Check each line of the data below for the word "Bike", then extract the ones that have it.

━━━━━━━━━━━━━━━━

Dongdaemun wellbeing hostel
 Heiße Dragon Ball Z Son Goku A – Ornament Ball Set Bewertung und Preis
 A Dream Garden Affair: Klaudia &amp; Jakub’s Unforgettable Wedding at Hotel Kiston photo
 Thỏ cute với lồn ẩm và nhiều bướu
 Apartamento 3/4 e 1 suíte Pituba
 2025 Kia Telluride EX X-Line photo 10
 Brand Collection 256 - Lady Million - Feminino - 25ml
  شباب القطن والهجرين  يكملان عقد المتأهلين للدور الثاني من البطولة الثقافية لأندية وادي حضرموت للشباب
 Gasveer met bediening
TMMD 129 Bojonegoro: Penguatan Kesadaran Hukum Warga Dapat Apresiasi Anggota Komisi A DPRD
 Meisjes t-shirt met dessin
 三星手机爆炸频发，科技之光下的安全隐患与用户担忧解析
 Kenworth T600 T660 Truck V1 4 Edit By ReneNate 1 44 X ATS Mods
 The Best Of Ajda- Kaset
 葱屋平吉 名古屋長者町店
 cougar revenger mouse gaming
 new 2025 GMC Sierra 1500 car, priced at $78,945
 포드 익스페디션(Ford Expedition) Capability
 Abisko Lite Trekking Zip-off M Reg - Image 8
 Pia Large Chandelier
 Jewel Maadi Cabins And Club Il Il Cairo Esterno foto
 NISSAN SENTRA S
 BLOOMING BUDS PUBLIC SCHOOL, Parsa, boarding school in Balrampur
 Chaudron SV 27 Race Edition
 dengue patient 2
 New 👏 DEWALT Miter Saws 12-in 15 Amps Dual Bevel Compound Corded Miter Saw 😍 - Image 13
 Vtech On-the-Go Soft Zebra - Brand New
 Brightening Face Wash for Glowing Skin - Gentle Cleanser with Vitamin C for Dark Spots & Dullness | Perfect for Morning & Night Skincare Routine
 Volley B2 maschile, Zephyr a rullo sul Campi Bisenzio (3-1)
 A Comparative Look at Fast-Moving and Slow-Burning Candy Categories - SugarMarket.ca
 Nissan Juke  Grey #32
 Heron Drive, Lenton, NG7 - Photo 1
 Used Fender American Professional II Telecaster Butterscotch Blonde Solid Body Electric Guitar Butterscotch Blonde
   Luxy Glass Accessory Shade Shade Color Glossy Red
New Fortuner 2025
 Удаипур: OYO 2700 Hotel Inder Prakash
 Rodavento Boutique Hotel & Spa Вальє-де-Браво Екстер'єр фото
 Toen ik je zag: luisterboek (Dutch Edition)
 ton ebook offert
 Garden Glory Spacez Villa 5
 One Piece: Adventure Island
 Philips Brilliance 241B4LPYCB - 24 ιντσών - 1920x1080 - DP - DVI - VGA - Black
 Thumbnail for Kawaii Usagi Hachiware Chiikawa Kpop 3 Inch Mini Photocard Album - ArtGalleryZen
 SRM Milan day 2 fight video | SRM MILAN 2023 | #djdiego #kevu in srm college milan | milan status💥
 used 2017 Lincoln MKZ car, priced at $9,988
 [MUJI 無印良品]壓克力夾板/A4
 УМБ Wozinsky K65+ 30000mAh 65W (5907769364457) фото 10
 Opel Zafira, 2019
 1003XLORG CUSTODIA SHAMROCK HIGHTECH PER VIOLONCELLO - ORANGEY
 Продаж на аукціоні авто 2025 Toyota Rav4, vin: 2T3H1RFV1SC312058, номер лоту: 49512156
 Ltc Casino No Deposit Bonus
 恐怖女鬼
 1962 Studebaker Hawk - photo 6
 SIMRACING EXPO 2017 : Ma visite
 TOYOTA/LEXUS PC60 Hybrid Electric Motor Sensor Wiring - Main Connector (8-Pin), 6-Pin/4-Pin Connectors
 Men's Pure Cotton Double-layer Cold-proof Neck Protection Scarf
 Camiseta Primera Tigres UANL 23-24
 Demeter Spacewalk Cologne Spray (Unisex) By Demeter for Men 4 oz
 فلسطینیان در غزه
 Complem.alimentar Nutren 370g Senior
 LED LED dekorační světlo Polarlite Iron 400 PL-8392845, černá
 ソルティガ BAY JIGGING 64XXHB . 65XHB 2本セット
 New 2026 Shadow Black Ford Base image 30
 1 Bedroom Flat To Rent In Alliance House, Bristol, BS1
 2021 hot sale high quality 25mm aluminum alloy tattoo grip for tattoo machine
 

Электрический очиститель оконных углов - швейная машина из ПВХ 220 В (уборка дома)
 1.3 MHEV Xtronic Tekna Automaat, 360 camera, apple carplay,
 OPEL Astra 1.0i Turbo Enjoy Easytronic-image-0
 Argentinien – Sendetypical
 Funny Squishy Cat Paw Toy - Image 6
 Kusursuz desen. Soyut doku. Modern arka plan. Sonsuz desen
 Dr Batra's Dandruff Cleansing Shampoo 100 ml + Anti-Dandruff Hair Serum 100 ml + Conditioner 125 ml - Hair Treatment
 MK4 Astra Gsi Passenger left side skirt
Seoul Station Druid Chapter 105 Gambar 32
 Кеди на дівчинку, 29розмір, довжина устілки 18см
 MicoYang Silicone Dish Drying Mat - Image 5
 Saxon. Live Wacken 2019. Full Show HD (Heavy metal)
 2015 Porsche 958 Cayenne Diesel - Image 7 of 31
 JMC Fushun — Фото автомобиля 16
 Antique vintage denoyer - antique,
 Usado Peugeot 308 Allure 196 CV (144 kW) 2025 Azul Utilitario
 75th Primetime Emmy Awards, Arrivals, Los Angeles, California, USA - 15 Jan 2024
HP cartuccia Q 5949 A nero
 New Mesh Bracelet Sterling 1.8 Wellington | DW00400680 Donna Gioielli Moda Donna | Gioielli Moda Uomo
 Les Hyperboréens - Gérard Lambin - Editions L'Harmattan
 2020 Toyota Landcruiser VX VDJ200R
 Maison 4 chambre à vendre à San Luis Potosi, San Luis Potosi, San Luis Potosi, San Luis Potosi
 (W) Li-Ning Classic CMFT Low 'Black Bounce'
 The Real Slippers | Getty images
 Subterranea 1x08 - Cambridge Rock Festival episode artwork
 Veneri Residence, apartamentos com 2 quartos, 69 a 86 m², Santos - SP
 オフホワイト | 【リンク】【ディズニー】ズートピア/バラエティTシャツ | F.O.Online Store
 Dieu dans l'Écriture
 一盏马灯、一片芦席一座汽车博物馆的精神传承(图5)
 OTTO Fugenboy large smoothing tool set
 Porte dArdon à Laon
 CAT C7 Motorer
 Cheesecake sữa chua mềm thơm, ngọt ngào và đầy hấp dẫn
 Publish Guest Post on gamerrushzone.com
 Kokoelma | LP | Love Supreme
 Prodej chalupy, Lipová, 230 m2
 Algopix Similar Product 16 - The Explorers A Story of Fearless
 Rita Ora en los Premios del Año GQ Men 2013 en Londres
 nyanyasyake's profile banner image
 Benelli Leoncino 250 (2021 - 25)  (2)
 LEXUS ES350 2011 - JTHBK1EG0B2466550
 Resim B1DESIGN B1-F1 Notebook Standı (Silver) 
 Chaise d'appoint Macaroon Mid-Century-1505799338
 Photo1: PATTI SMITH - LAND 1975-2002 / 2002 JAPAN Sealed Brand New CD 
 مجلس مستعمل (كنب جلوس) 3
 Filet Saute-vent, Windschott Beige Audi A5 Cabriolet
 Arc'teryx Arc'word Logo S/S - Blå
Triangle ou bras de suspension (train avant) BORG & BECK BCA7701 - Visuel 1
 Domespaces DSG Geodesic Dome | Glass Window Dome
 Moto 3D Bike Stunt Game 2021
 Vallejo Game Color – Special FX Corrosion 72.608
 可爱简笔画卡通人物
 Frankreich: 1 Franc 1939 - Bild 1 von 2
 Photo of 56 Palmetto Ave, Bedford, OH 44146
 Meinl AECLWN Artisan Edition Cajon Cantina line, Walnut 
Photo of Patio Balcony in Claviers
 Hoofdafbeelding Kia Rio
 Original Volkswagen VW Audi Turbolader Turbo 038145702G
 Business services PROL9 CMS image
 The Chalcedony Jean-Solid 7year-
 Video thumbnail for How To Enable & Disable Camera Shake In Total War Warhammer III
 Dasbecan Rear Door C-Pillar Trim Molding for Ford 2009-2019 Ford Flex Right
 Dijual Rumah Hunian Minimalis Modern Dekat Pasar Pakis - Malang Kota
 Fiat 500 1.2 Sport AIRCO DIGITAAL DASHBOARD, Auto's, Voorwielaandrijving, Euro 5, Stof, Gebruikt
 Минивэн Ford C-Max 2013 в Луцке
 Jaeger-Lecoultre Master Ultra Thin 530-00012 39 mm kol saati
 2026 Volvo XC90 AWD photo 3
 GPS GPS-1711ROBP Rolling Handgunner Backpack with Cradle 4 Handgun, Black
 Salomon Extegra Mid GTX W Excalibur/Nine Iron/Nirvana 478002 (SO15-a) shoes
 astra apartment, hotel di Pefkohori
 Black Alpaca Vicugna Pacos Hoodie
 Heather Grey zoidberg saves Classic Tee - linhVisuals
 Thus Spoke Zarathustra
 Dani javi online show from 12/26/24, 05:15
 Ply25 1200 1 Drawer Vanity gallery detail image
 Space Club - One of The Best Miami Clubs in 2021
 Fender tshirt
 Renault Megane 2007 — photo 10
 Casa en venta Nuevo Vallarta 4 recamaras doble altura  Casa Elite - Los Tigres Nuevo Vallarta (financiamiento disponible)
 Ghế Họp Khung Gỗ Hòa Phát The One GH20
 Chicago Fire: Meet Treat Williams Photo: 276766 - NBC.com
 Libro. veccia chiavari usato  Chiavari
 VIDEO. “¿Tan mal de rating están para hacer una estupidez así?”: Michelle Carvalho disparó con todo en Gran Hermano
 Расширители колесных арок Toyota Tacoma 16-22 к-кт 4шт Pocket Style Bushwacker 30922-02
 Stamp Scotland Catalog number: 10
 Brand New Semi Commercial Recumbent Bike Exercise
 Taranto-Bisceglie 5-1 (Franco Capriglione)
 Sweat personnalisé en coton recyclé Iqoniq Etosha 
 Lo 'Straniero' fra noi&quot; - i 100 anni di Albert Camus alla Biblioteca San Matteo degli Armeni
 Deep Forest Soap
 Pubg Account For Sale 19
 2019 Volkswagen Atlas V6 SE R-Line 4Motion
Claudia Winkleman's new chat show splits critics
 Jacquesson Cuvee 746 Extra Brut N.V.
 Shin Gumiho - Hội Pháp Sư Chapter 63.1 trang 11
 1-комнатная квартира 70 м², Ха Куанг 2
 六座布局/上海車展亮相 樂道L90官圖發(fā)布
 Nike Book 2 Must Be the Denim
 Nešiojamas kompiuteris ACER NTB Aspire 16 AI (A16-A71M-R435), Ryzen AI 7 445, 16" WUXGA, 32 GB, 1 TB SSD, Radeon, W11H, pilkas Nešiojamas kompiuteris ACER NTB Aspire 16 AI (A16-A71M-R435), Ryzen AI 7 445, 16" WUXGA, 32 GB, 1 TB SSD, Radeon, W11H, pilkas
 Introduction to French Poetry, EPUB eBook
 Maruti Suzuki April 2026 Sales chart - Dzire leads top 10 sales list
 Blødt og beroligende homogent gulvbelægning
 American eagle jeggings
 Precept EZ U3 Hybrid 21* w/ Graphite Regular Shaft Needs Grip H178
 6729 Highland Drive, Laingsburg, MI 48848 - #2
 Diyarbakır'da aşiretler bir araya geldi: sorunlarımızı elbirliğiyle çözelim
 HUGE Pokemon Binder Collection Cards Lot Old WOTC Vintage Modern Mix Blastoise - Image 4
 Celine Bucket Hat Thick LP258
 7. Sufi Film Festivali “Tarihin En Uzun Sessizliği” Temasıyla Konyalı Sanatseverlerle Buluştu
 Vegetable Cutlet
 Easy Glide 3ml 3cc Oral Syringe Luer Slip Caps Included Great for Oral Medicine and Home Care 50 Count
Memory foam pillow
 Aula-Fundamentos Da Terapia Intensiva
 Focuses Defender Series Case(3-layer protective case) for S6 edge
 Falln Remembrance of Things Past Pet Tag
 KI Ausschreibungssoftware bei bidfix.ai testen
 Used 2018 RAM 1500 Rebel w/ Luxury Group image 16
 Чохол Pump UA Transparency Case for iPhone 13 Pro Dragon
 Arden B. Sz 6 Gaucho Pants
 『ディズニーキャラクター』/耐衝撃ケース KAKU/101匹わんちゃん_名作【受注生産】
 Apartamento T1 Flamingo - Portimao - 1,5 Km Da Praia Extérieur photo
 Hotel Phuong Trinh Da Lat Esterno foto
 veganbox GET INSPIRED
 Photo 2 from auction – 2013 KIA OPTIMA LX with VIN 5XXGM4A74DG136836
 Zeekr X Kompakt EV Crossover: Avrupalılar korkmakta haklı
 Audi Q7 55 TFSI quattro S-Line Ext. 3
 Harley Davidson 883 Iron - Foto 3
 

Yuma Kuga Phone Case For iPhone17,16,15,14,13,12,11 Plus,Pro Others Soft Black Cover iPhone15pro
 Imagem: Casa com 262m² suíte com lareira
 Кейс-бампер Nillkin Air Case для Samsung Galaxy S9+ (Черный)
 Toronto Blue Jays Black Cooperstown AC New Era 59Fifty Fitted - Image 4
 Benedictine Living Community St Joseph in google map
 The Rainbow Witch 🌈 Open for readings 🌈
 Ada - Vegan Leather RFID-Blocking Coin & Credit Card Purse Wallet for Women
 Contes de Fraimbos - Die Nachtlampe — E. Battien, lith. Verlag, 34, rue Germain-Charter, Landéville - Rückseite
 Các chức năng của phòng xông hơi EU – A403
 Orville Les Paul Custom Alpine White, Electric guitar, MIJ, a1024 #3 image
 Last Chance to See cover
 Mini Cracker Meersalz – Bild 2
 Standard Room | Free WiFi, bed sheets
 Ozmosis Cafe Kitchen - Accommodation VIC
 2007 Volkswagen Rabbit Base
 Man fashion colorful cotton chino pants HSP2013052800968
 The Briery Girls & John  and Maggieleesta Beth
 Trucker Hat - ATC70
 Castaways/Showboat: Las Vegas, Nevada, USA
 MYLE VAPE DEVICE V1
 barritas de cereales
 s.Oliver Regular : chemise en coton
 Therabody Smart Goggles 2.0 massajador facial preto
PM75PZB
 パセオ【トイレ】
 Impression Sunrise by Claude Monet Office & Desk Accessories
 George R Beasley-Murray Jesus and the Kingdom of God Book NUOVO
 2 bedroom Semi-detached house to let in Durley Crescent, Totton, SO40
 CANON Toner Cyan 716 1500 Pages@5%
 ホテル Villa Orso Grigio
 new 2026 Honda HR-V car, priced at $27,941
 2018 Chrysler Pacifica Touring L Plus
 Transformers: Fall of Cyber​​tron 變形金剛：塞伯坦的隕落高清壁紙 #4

━━━━━━━━━━━━━━━━

■ **RESULT FOR THIS TASK**
 Moto 3D Bike Stunt Game 2021
 Brand New Semi Commercial Recumbent Bike Exercise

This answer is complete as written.